Sans oublier évidemment ce lobbying politicard et rustre, mais tellement intéressé, de la gauche radicale et ses 39 députés alignés sur Alger et partageant un même anti-marocanisme primaire. Et aussi cet inénarrable intergroupe parlementaire européen de solidarité avec le peuple sahraoui qui vadrouille souvent du côté des camps de la honte à Tindouf, en all inclusive…
Que reproche-t-on au Maroc?
Pourquoi la France serait-elle contrariée par le Maroc en ces moments où elle a effectivement des soucis? Elle cumule l’angoisse d’une guerre à ses portes, une crise économique avec un déficit abyssal, un rejet en Afrique, une perte d’influence un peu partout dans le monde, ainsi que le stress d’une réforme des retraites incomprise et qui ne passe pas.
Faudrait-il comprendre qu’on demanderait au Maroc de ne pas défendre son unité territoriale? Quand le Maroc demande à la France de clarifier sa position, c’est parce que ce pays faisait partie des initiateurs majeurs de l’acte d’Algésiras en 1906, de sinistre mémoire, qui a morcelé l’Empire chérifien. Le Maroc, après une souveraineté rayonnante de 12 siècles, était devenu un énorme enjeu pour le colonialisme européen. Les 13 pays signataires de l’acte d’Algésiras avaient une parfaite connaissance des frontières authentiques du Maroc.
La France, en tant que témoin et acteur de l’histoire –et qui a créé l’Algérie en confisquant notamment des territoires marocains–, a l’obligation morale de se prononcer et de dire une parole de vérité. Macron a considéré cette demande pleinement légitime comme une intolérable pression.
Faudrait-il comprendre qu’on demanderait aussi au Maroc de ne pas tisser des liens économiques avec ses frères africains en une synergie respectueuse de co-développement? De sacrifier sa prospérité pour servir celle de la France qui, apparemment, n’apprécierait pas ce dynamisme marocain?

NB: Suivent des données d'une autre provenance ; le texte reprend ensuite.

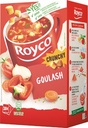 Royco minute soup goulash au boeuf, paquet de 20 sachets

Faudrait-il comprendre qu’on reprocherait au Maroc d’avoir diversifié ses amitiés avec les USA, Israël, l’Espagne et l’Allemagne, le Royaume-Uni, etc.? Et surtout de les approfondir, y compris dans leur dimension économique, avec ceux qui le soutiennent pleinement dans son unité territoriale et agissent, dans le respect mutuel, en véritables partenaires?

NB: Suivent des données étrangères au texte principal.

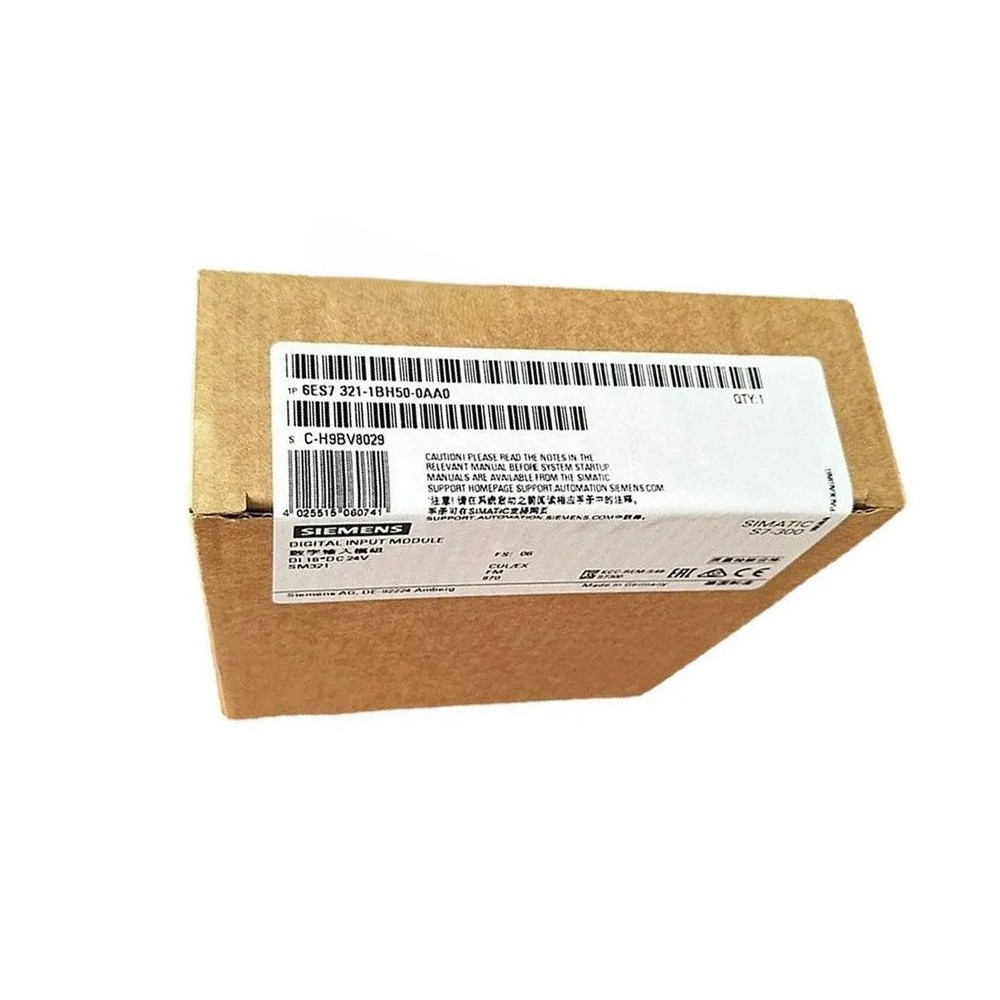 1PCS Siemens 6ES7321-1BH50-0AA0 Module PLC Unit New in box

Il est certain que la France a toujours soutenu la solution d’autonomie proposée par le Maroc, considérée comme crédible et sérieuse, mais cette position est restée statique depuis 2007. Pire, la Macronie donne des signaux inamicaux, voire hostiles. Ainsi cette «affaire» du journaliste franco-marocain de BFM TV Rachid M’Barki, sanctionné pour avoir dit le «Sahara marocain». En quoi cela menace-t-il la France? Les acteurs majeurs de la communauté internationale en sont convaincus.
On dit que ce sont les services algériens qui ont signalé ce «crime» aux autorités françaises. A ce sujet, il y a de quoi être fier car nos services, compétents et efficaces, signalent à la France des choses autrement plus importantes que sonner le tocsin contre un journaliste.

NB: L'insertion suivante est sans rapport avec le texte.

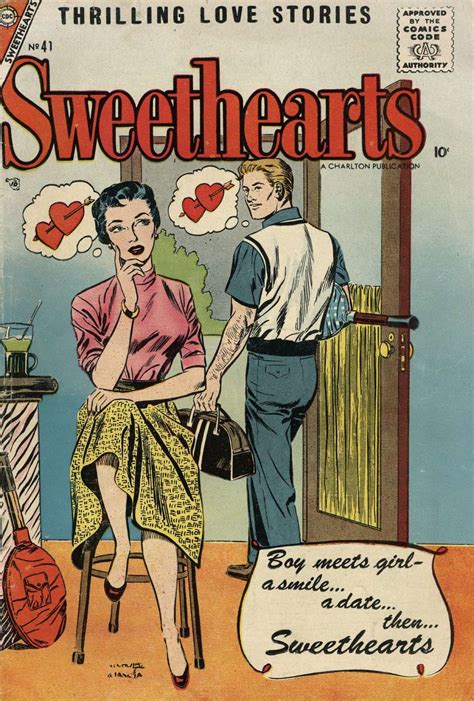 Sweethearts 041 Charlton Comic Book Plus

Il faut aussi rappeler que «le Sahara marocain» et «nos provinces du Sud» sont des appels de ralliement et d’amour pour notre terre. Au-delà de la double ou de la triple nationalité, ce sont des marqueurs patriotiques et identitaires qui n’ont rien à voir avec un prétendu monnayage, comme l’ont prétendu des esprits médiocres.
On terminera avec un mot de sagesse d’Alassane Ouattara, président de la République de Côte d’Ivoire. En février 2022, lors d’un entretien sur la chaîne France 24, suite aux menaces du Parlement européen de ne plus acheter le cacao ivoirien à cause de la déforestation de certaines zones, le président a été indigné. Il a rappelé à ces Européens «donneurs de leçons qui se soucient maintenant de déforestation, qui ont pollué le monde entier et déréglé le climat» que le caco sera vendu ailleurs si l’Europe n’en veut plus.
Une profonde sagesse africaine à méditer car le monde change et les tutelles ont fait leur temps.